O ex-atleta Francisco Oliveira, que está noivo, voltou a estudar. Quando estiver em liberdade pretende se casar e mudar de vida, mesmo acreditando que pelo crime que cometeu
(ainda não houve julgamento) não pode fazer planos breves para uma vida fora da prisão.
Cursos técnicos de capacitação são oferecidos para os egressos do sistema prisional. O objetivo é promover a reintegração efetiva dessas pessoas à sociedade. (Foto: Melquíades Júnior)

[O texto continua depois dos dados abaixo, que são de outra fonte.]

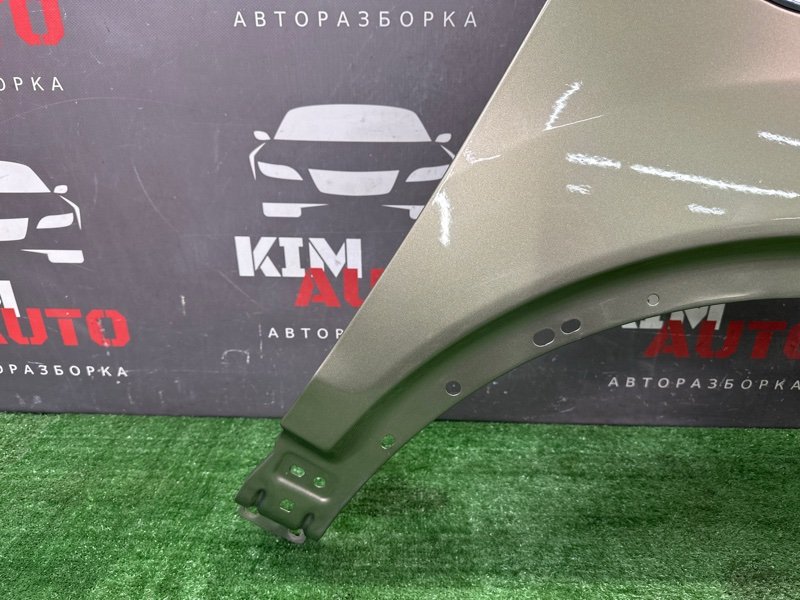 Крыло Ford Kuga 2013 SUV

Dar novas condições de futuro e novas perspectivas ao preso, para "acima de tudo, proteger a sociedade".
É o que pontua Luciana Teixeira de Sousa, juíza da 1ª Vara e responsável pelo projeto na comarca de Limoeiro do Norte.

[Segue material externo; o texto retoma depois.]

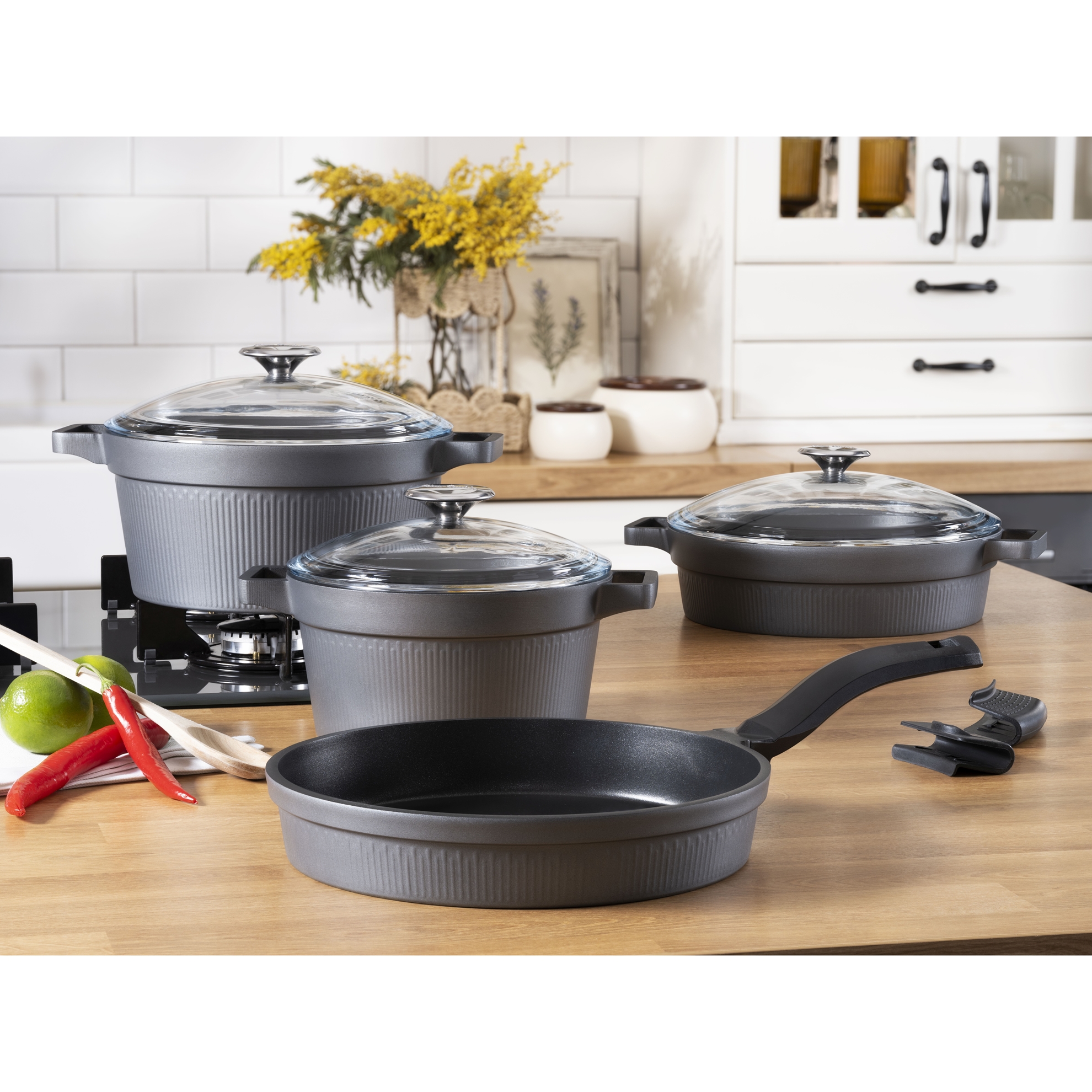 resm Pierre Cardin Ultra Graniks Gri 7 Parça Tencere Seti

"Ao dar uma oportunidade aos presos, também estaremos dando oportunidade às suas famílias, e o estreitamento com o núcleo familiar é importante no combate à reincidência", explica a juíza, que tem visitado todas as secretarias públicas municipais, para que os egressos do sistema penitenciário e mesmo seus filhos possam ser envolvidos nos projetos.
Membro do grupo de monitoramento do projeto Começar de Novo no Estado, Luciana Teixeira conseguiu assinatura do prefeito de Limoeiro do Norte, João Dilmar, no Termo de Cooperação de Adesão, em solenidade no Tribunal de Justiça do Ceará (TJCE). Além de Limoeiro, o município de Tauá, no Sertão dos Inhamuns, assinou o termo.

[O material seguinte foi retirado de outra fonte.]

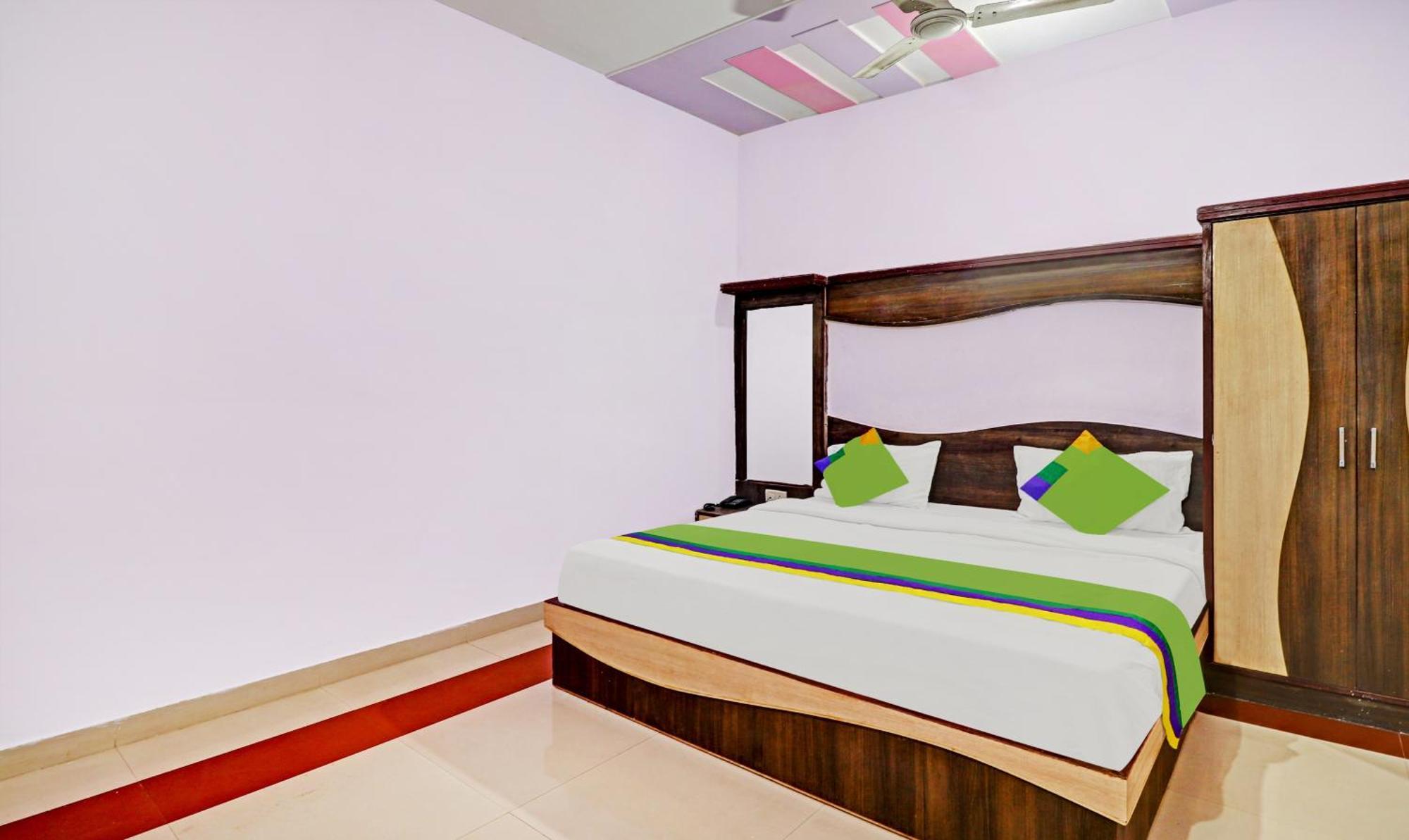 Hotel Castle View Агра Екстериор снимка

O engajamento da magistrada tem ultrapassado a mesa de audiência na comarca do município. Os magistrados participam de visitas oficiais a autoridades municipais para, principalmente, visitar as famílias dos detentos e egressos do sistema carcerário do País.
A Lei de Execução Penal define como egresso o condenado libertado definitivamente, pelo prazo de um ano após sua saída do estabelecimento prisional. Também é equiparado ao egresso o sentenciado que adquire a liberdade condicional durante o seu período de prova.
Só há um critério para os detentos que queiram participar do projeto: interesse. "Até agora todos têm mostrado vontade de participar. Deixo claro que isso não abranda a pena, eles continuam atendidos no rigor da lei. Mas é uma chance de essas pessoas terem novos sonhos, e o passo seguinte será propagar o projeto para toda a região. A sociedade e as instituições precisam conhecer a iniciativa para se engajarem", afirma Luciana Teixeira.
RESSOCIALIZAÇÃO
Vitória contra o preconceito
Sem que a vizinhança acreditasse, a juíza Luciana Teixeira visitou a casa de seu "Cocó", o egresso João Rufino da Silva Nogueira, de 36 anos. Ele é um dos beneficiados pelo projeto Começar de Novo. Conheceu mulher e filhos, falou da importância do engajamento familiar e ajudou o ex-detento a ter um sonho dos filhos realizado: participar do projeto AABB Comunidade, com atividades extracurriculares para as crianças. "Melhora a autoestima de todos, até a minha como juíza e que, como pessoa, tenho a oportunidade de ver uma vida começar a mudar ali", conclui.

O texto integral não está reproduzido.